Looking at these aspects individually, it’s clear the insurance industry is being squeezed by a variety of factors. Insurance premium tax (IPT), for example, was introduced in 1994 to make up for the fact the industry isn’t subject to VAT. Since 2011, it has risen from 6% to 10%, with a further 2% increase due in June 2017.
Another reason for increasing premiums is the fact cars are said to be getting more expensive to repair. This is down to their ever-increasing sophistication; according to the ABI’s figures, the average cost of fixing a damaged car has increased by 32% over the last three years.
Whiplash injuries are also said to be hitting the industry hard, with personal injury claims increasing by 2.3% compared to 2015. Although the government’s recently announced investigation into whiplash claims is expected to see the average car insurance premium fall by £40 a year, it’s unclear at present when this will materialise.

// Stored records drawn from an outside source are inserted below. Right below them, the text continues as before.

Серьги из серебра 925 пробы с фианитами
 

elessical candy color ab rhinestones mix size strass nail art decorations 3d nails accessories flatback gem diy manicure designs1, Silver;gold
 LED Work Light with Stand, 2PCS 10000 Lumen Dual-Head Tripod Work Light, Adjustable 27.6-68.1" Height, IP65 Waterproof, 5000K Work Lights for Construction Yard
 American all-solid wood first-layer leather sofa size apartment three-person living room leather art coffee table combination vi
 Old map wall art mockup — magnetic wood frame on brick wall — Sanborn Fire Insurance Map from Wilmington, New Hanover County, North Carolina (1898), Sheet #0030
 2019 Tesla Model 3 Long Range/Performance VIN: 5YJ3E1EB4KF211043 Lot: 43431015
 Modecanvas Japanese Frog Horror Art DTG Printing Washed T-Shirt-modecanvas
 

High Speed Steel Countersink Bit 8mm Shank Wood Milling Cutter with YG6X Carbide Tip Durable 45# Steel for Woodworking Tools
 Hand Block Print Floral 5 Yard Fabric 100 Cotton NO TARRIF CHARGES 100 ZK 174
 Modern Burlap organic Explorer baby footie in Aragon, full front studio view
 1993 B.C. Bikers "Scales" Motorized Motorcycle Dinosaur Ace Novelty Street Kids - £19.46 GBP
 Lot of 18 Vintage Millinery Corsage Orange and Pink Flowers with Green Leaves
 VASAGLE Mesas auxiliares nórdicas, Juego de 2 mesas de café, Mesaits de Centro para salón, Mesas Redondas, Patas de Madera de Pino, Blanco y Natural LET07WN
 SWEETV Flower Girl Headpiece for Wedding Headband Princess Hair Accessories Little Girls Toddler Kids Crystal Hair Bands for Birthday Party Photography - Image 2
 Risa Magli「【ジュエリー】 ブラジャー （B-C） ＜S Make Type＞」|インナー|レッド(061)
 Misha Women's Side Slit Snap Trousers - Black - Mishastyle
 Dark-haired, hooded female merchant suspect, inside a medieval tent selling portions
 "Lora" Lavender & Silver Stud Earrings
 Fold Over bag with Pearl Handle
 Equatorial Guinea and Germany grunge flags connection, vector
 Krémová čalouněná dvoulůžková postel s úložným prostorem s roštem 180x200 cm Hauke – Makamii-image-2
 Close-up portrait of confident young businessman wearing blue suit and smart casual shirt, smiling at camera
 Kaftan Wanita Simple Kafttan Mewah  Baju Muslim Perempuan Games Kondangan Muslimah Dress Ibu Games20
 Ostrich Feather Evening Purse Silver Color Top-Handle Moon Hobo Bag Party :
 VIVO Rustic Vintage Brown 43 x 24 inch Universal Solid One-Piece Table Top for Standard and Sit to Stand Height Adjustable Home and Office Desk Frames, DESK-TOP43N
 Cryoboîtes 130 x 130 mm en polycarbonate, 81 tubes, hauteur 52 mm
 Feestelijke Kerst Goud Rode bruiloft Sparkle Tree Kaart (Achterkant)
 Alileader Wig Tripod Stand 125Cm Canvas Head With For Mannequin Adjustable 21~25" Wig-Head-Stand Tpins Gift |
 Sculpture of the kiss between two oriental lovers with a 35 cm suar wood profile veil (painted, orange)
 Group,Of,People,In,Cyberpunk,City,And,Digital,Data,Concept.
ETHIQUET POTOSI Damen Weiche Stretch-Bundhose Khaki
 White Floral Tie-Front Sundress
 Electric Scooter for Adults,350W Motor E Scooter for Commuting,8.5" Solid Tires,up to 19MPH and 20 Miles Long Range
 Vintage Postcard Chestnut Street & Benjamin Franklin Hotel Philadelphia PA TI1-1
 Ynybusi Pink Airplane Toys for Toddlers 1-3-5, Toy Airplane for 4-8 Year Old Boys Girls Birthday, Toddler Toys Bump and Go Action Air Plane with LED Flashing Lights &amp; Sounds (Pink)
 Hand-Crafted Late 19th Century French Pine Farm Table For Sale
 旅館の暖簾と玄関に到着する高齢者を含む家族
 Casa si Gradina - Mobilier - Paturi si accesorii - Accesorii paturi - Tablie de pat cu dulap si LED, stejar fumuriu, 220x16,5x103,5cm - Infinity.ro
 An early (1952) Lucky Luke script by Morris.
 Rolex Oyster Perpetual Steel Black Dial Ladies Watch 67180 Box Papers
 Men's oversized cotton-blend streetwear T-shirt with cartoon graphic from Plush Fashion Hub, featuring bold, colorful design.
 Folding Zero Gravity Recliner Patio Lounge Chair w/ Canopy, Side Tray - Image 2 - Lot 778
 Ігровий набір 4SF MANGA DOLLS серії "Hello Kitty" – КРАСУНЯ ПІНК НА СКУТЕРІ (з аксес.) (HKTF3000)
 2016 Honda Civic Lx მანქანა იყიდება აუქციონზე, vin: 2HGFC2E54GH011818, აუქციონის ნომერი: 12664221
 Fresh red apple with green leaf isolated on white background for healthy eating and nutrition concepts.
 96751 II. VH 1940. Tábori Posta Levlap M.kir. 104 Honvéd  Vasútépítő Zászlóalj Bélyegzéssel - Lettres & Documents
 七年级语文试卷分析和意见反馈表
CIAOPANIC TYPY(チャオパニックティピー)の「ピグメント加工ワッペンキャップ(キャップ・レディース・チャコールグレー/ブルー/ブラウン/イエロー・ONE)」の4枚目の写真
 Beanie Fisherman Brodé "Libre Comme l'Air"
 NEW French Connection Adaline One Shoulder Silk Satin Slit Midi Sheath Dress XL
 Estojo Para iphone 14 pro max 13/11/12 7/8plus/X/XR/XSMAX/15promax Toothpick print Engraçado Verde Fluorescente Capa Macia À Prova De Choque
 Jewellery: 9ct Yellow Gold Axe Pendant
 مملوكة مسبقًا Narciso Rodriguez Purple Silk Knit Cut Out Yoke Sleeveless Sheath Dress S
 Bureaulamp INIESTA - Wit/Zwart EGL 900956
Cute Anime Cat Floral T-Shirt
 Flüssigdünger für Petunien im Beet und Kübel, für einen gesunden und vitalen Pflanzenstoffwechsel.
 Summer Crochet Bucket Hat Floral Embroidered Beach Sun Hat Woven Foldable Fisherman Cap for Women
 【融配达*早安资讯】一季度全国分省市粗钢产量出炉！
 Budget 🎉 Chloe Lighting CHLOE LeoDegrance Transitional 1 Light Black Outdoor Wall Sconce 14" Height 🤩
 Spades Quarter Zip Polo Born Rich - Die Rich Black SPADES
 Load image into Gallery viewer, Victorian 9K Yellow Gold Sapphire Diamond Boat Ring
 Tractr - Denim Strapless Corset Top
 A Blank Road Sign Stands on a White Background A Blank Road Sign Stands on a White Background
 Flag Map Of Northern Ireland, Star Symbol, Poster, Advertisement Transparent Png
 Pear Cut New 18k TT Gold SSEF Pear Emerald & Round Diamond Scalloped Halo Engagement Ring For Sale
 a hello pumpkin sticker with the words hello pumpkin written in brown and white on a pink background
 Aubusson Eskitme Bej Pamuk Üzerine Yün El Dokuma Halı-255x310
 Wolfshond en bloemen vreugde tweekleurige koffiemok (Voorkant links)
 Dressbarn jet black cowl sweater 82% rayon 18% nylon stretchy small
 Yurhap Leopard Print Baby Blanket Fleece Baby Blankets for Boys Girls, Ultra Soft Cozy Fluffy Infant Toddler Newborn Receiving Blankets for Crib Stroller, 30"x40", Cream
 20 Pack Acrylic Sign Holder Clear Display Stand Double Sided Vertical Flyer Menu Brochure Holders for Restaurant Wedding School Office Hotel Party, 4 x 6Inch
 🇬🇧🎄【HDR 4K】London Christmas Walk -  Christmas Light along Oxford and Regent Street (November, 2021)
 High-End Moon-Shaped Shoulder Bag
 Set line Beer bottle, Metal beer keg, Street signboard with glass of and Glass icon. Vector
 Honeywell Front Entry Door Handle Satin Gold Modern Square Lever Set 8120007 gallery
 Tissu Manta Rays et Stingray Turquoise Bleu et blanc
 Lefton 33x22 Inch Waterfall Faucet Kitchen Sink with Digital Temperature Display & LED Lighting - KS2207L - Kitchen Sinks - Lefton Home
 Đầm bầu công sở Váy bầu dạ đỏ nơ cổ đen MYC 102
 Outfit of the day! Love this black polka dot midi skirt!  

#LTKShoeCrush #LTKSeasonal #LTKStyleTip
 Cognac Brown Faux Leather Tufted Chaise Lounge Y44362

And the bad news doesn’t stop there. Rob Cummings from the ABI said the government’s decision to review the ‘discount rate’ could see insurance rise again and will throw “fuel on the fire” of increasing premiums.
The discount rate determines how much insurance companies can deduct from lump-sum payouts to injured parties following an accident claim. It’s designed to reflect the interest those receiving compensation will receive, assuming they choose to invest their compensation. It’s been set at 2.5% since 2001, but a lower rate would force insurers to pay out more, with those costs being passed on to consumers.
While these trends undoubtedly impact the insurance industry’s bottom line, Aviva, the UK’s largest insurer, made an operating profit of over £1.3billion in the first half of 2016, a 13% increase compared to the previous half-year. Axa, Europe’s second largest insurer, posted a net profit of £2.5billion over the same period – a modest 4% increase.
The average cost of a UK car insurance premium in 2016 was £462, which represents a 9.3% increase over the previous year.